# Problem requirements
The lines in the listing below are to be given again exactly, starting at the line holding "Taza Bicolor Tributo" and ending at the line holding "KEBURIA - Button". Do not include pictures.
++++ Data records ++++
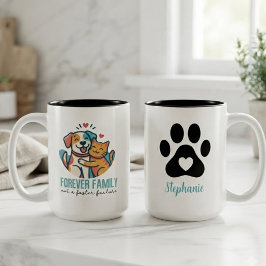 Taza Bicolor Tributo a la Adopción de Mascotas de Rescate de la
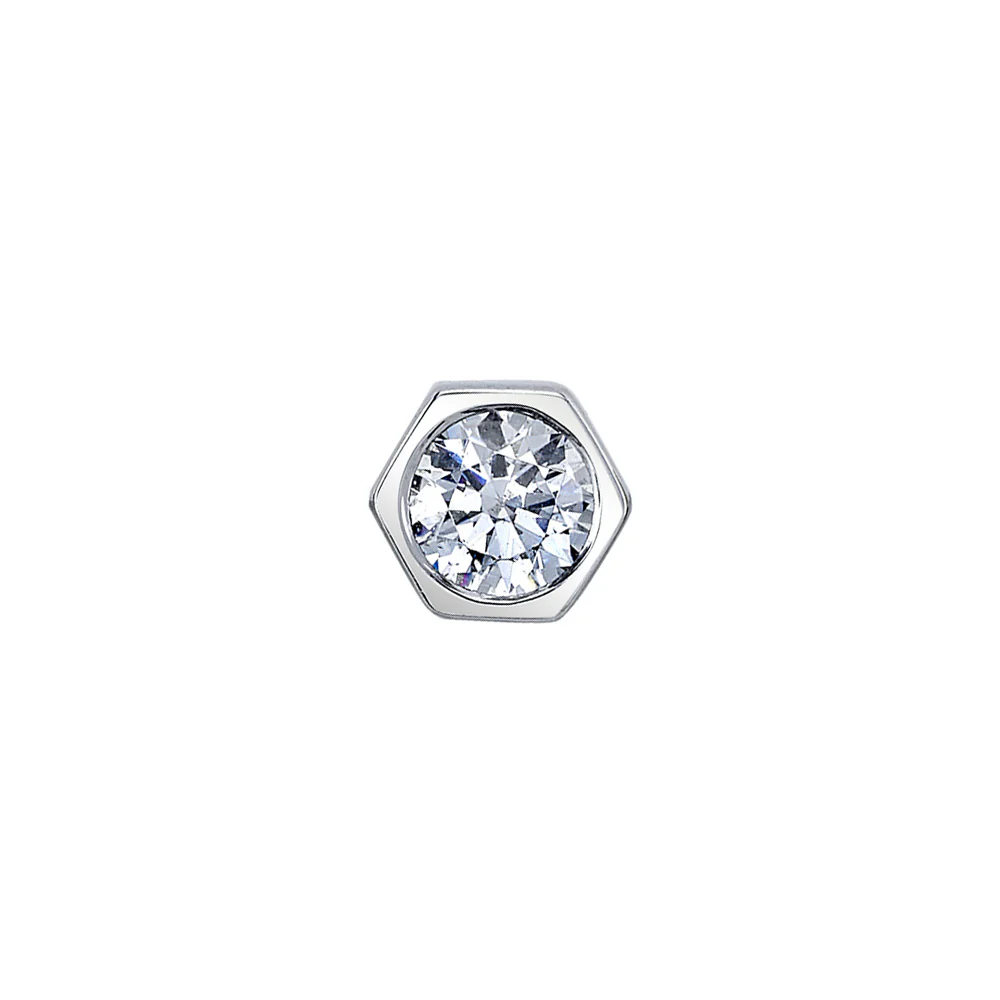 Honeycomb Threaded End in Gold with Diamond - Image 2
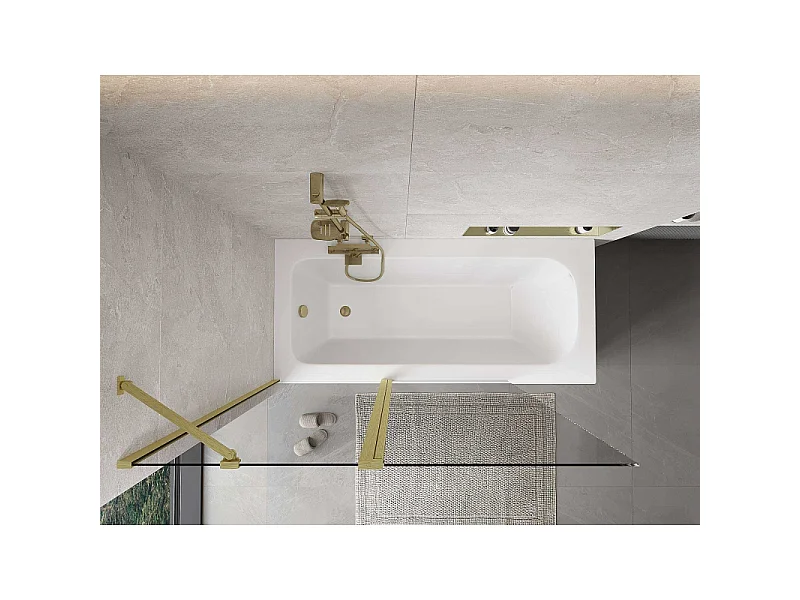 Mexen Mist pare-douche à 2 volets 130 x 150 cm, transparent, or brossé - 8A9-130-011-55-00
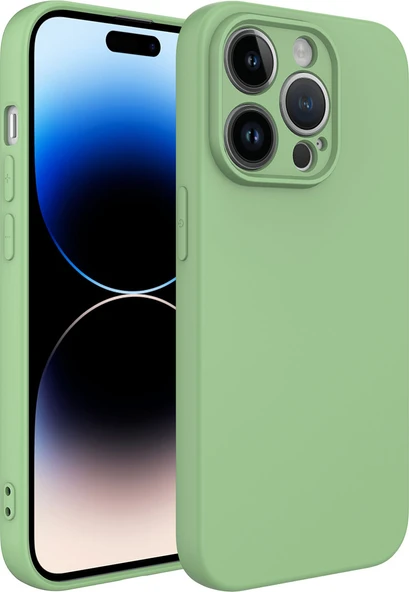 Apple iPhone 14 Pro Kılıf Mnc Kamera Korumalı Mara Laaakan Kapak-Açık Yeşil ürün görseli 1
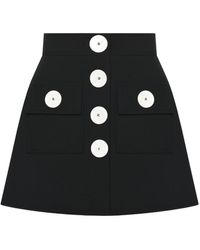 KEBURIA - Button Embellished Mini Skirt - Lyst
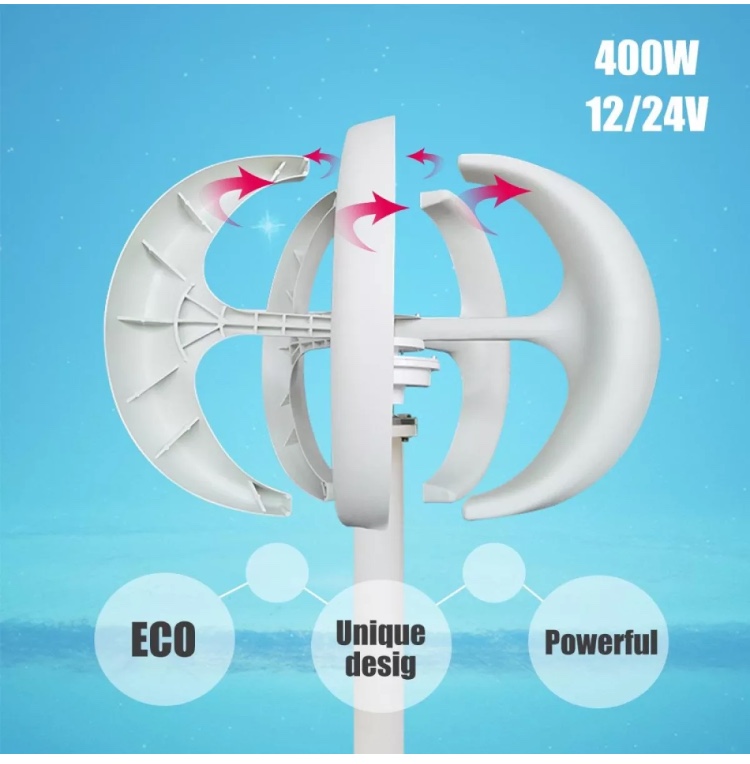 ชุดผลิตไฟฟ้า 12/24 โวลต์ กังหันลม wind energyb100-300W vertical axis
++++
++++ Data records ++++
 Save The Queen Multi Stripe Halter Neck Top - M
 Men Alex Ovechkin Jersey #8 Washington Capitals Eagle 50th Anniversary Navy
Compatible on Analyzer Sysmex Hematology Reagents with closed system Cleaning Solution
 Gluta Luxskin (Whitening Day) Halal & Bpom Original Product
++++
# Response to this task
 Taza Bicolor Tributo a la Adopción de Mascotas de Rescate de la
 Honeycomb Threaded End in Gold with Diamond - Image 2
 Mexen Mist pare-douche à 2 volets 130 x 150 cm, transparent, or brossé - 8A9-130-011-55-00
 Apple iPhone 14 Pro Kılıf Mnc Kamera Korumalı Mara Laaakan Kapak-Açık Yeşil ürün görseli 1
 KEBURIA - Button Embellished Mini Skirt - Lyst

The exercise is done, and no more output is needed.